Stored data entries ::

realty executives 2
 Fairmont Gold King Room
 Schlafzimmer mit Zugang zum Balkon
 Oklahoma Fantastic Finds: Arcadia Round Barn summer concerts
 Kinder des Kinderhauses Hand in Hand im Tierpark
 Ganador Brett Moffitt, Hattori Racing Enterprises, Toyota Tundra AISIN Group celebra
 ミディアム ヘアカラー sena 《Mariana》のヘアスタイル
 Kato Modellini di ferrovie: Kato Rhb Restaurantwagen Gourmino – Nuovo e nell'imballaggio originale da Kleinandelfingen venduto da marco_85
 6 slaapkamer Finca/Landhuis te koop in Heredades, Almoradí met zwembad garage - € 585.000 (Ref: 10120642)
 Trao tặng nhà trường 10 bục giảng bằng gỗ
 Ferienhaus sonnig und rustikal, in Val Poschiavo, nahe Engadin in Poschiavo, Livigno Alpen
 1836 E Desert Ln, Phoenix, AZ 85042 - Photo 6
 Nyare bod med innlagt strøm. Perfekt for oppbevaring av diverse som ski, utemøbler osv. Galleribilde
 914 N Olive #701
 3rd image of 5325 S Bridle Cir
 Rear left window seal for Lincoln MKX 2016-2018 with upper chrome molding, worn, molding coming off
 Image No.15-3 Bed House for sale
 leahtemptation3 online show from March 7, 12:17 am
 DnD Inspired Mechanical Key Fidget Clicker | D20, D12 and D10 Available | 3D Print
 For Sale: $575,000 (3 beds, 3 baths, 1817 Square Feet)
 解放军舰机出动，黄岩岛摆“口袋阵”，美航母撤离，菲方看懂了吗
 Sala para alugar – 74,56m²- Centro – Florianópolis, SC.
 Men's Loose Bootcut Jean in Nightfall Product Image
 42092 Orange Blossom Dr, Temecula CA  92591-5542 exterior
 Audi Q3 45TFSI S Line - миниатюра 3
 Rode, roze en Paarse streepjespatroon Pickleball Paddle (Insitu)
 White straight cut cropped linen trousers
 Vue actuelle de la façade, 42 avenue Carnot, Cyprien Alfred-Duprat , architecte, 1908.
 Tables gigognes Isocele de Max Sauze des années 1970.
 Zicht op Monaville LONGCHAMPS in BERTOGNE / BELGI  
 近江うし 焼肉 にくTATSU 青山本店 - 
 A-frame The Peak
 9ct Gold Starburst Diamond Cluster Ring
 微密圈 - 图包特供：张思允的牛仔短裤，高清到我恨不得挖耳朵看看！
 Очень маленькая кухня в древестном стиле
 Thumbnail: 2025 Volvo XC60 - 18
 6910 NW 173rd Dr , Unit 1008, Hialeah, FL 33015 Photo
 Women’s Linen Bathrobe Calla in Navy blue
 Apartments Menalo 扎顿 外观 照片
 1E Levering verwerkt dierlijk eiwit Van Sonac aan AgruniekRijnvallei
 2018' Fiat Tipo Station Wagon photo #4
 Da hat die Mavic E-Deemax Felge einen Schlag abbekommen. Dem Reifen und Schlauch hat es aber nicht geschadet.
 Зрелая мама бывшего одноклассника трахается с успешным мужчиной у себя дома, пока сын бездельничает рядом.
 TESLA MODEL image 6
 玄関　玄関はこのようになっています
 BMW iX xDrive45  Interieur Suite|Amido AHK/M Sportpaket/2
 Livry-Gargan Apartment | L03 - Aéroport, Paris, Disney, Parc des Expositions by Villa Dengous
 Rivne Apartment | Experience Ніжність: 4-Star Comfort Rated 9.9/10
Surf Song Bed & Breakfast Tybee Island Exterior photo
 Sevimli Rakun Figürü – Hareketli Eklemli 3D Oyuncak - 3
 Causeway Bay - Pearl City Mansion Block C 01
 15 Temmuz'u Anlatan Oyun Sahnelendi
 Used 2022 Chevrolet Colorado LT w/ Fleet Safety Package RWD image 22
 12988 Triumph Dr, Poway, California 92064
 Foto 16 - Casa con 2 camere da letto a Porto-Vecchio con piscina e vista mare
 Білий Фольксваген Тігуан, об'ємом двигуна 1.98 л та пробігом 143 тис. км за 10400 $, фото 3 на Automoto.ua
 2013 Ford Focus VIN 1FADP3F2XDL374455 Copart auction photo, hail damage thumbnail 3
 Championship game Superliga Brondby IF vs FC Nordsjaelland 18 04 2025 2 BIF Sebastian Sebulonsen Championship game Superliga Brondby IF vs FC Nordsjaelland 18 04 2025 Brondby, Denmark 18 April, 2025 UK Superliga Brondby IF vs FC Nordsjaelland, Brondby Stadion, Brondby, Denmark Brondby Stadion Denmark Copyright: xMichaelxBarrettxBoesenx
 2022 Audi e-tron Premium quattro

What the task requires ::
Copy out the data in full, exactly.

Output ::
realty executives 2
 Fairmont Gold King Room
 Schlafzimmer mit Zugang zum Balkon
 Oklahoma Fantastic Finds: Arcadia Round Barn summer concerts
 Kinder des Kinderhauses Hand in Hand im Tierpark
 Ganador Brett Moffitt, Hattori Racing Enterprises, Toyota Tundra AISIN Group celebra
 ミディアム ヘアカラー sena 《Mariana》のヘアスタイル
 Kato Modellini di ferrovie: Kato Rhb Restaurantwagen Gourmino – Nuovo e nell'imballaggio originale da Kleinandelfingen venduto da marco_85
 6 slaapkamer Finca/Landhuis te koop in Heredades, Almoradí met zwembad garage - € 585.000 (Ref: 10120642)
 Trao tặng nhà trường 10 bục giảng bằng gỗ
 Ferienhaus sonnig und rustikal, in Val Poschiavo, nahe Engadin in Poschiavo, Livigno Alpen
 1836 E Desert Ln, Phoenix, AZ 85042 - Photo 6
 Nyare bod med innlagt strøm. Perfekt for oppbevaring av diverse som ski, utemøbler osv. Galleribilde
 914 N Olive #701
 3rd image of 5325 S Bridle Cir
 Rear left window seal for Lincoln MKX 2016-2018 with upper chrome molding, worn, molding coming off
 Image No.15-3 Bed House for sale
 leahtemptation3 online show from March 7, 12:17 am
 DnD Inspired Mechanical Key Fidget Clicker | D20, D12 and D10 Available | 3D Print
 For Sale: $575,000 (3 beds, 3 baths, 1817 Square Feet)
 解放军舰机出动，黄岩岛摆“口袋阵”，美航母撤离，菲方看懂了吗
 Sala para alugar – 74,56m²- Centro – Florianópolis, SC.
 Men's Loose Bootcut Jean in Nightfall Product Image
 42092 Orange Blossom Dr, Temecula CA  92591-5542 exterior
 Audi Q3 45TFSI S Line - миниатюра 3
 Rode, roze en Paarse streepjespatroon Pickleball Paddle (Insitu)
 White straight cut cropped linen trousers
 Vue actuelle de la façade, 42 avenue Carnot, Cyprien Alfred-Duprat , architecte, 1908.
 Tables gigognes Isocele de Max Sauze des années 1970.
 Zicht op Monaville LONGCHAMPS in BERTOGNE / BELGI  
 近江うし 焼肉 にくTATSU 青山本店 - 
 A-frame The Peak
 9ct Gold Starburst Diamond Cluster Ring
 微密圈 - 图包特供：张思允的牛仔短裤，高清到我恨不得挖耳朵看看！
 Очень маленькая кухня в древестном стиле
 Thumbnail: 2025 Volvo XC60 - 18
 6910 NW 173rd Dr , Unit 1008, Hialeah, FL 33015 Photo
 Women’s Linen Bathrobe Calla in Navy blue
 Apartments Menalo 扎顿 外观 照片
 1E Levering verwerkt dierlijk eiwit Van Sonac aan AgruniekRijnvallei
 2018' Fiat Tipo Station Wagon photo #4
 Da hat die Mavic E-Deemax Felge einen Schlag abbekommen. Dem Reifen und Schlauch hat es aber nicht geschadet.
 Зрелая мама бывшего одноклассника трахается с успешным мужчиной у себя дома, пока сын бездельничает рядом.
 TESLA MODEL image 6
 玄関　玄関はこのようになっています
 BMW iX xDrive45  Interieur Suite|Amido AHK/M Sportpaket/2
 Livry-Gargan Apartment | L03 - Aéroport, Paris, Disney, Parc des Expositions by Villa Dengous
 Rivne Apartment | Experience Ніжність: 4-Star Comfort Rated 9.9/10
Surf Song Bed & Breakfast Tybee Island Exterior photo
 Sevimli Rakun Figürü – Hareketli Eklemli 3D Oyuncak - 3
 Causeway Bay - Pearl City Mansion Block C 01
 15 Temmuz'u Anlatan Oyun Sahnelendi
 Used 2022 Chevrolet Colorado LT w/ Fleet Safety Package RWD image 22
 12988 Triumph Dr, Poway, California 92064
 Foto 16 - Casa con 2 camere da letto a Porto-Vecchio con piscina e vista mare
 Білий Фольксваген Тігуан, об'ємом двигуна 1.98 л та пробігом 143 тис. км за 10400 $, фото 3 на Automoto.ua
 2013 Ford Focus VIN 1FADP3F2XDL374455 Copart auction photo, hail damage thumbnail 3
 Championship game Superliga Brondby IF vs FC Nordsjaelland 18 04 2025 2 BIF Sebastian Sebulonsen Championship game Superliga Brondby IF vs FC Nordsjaelland 18 04 2025 Brondby, Denmark 18 April, 2025 UK Superliga Brondby IF vs FC Nordsjaelland, Brondby Stadion, Brondby, Denmark Brondby Stadion Denmark Copyright: xMichaelxBarrettxBoesenx
 2022 Audi e-tron Premium quattro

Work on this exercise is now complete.